"Yes! Lulus, Bro!"
"Gua juga lulus!"
"Aku lulus, yes!"
Teriakan teman-teman memenuhi halaman sekolah setelah melihat papan pengumuman. Seluruh siswa SMA Tirtayudha lulus 100%. Meskipun swasta, tetapi prestasinya tak bisa disepelekan.
"Akhirnya lulus ya, Lif?" kataku.
"Iya, berarti selangkah lagi menuju hidup baru." Alif memandang papan pengumuman dengan sorot mata tajam.
Suara sirene mengheningkan kebisingan di halaman sekolah. Sebuah mobil polisi berhenti tepat di bawah tiang bendera. Dua orang pria berseragam menghampiri tempat aku dan Alif berdiri.
"Saudara Alif, Anda kami tahan atas tuduhan pembunuhan dan pemerkosaan."
Seorang polisi menyodorkan surat penangkapan. Aku benar-benar merasa semua itu mimpi buruk. Terdiam tak bergerak berharap bangun dari mimpi itu. Tak percaya dengan apa yang ku dengar.
"Aku gak bersalah, Ai." Alif berbisik, aku masih mematung. Polisi satunya memegang tangan Alif dan diborgol.
"Aku gak bersalah Ai, percayalah! Aku gak bersalah!" Alif terus bicara dan teriak meyakinkanku. Namun, aku bergeming. Ingin menjawab bahwa aku percaya padanya, tetapi bibirku terkunci. Sekejap kemudian rasanya semua gelap.
Saat membuka mata, aku sudah di ruang UKS. Ratih dan Nisa di sana, juga beberapa teman yang lain.
"Alif?!"
"Tenang dulu, Nun, minum dulu!" Nisa memberiku segelas air putih. Aku meneguknya.
"Sabar ya, Nun? Aku yakin ini salah paham." Ratih mulai bicara.
Ini berarti apa yang terjadi bukan mimpi. Ini semua nyata, Alif tersandung kasus serius.

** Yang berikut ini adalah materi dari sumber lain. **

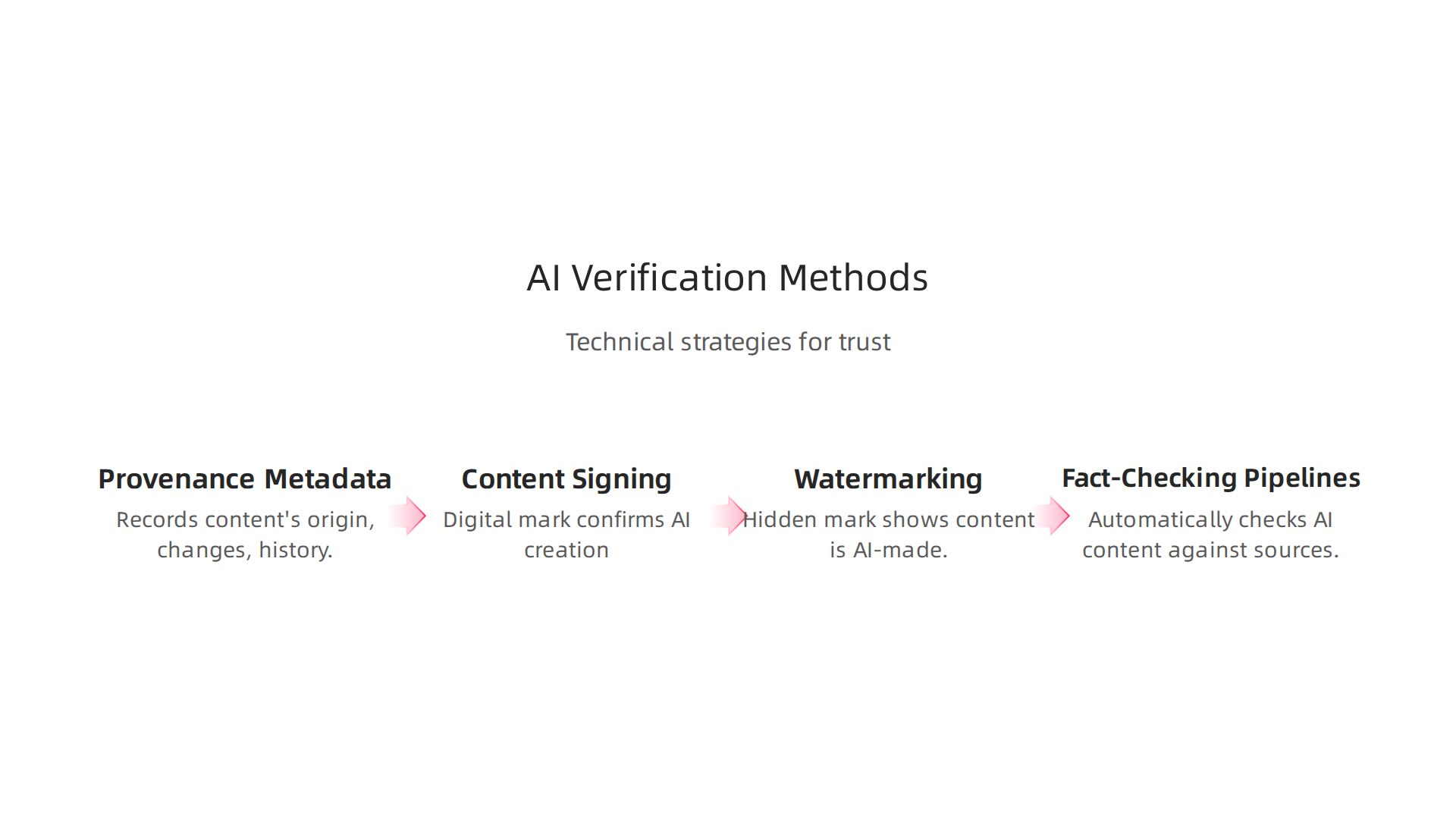 Key technical strategies used to verify the authenticity and origin of AI-generated content, ensuring trustworthiness.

"Tapi masalah yang dihadapi Alif memang berat. Dari saksi dan bukti Alif pelakunya." Nisa menimpali kalimat Ratih.
"Saksi dan bukti?" Aku semakin penasaran dengan apa yang sebenarnya terjadi.
"Iya Nun, saksi melihat Alif bersama wanita itu, dan buktinya sebuah pentungan yang terdapat sidik jari Alif saja!" jawab Ratih.

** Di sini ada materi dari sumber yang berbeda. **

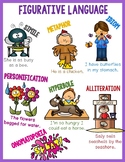 Figurative Language Anchor Chart (Posters)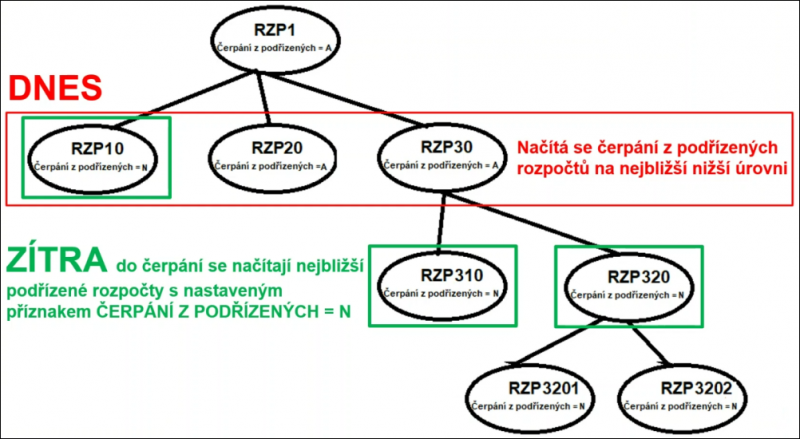 Soubor:P2406 6.png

"Siapa korbannya?" Aku tak sabar ingin mendapat penjelasan.
"Korbannya Nurma dan Iwan, kakak tiri Nurma."
"Dua orang?"
"Iya Nurma diperkosa dan dipukul kayu, sekarang kritis. Sedangkan Iwan meninggal karena mengalami pendarahan di kepala akibat hantaman benda tumpul."
"Alif gak mungkin seperti itu. Aku yakin!" sangkalku.
Aku panik, turun dari ranjang mencari sepatu. Ingin kudengar semua penjelasan Alif. Baru mau keluar dari pintu, Ibu dan Bapak menghalangi jalanku.
"Ibu sudah bilang jangan dekati pemuda itu! Kenapa kamu keras kepala?" hardik Ibu.
"Ibu! Alif baik Bu, aku yakin Alif gak bersalah.” Aku mulai menangis.
"Cukup, Nun! Apa kamu ingin membangkang?"
"Pak, tolong Pak! Izinkan Ainnun menemui Alif sekali saja! Ainnun janji setelah ini akan menuruti semua kemauan Bapak." Aku memohon pada Bapak yang sedari tadi diam di samping Ibu.
Bapak menatap tajam, mencari kejujuran dan ketulusan dalam mataku. Ibu menatap Bapak seperti memberi isyarat agar Bapak mencegahku.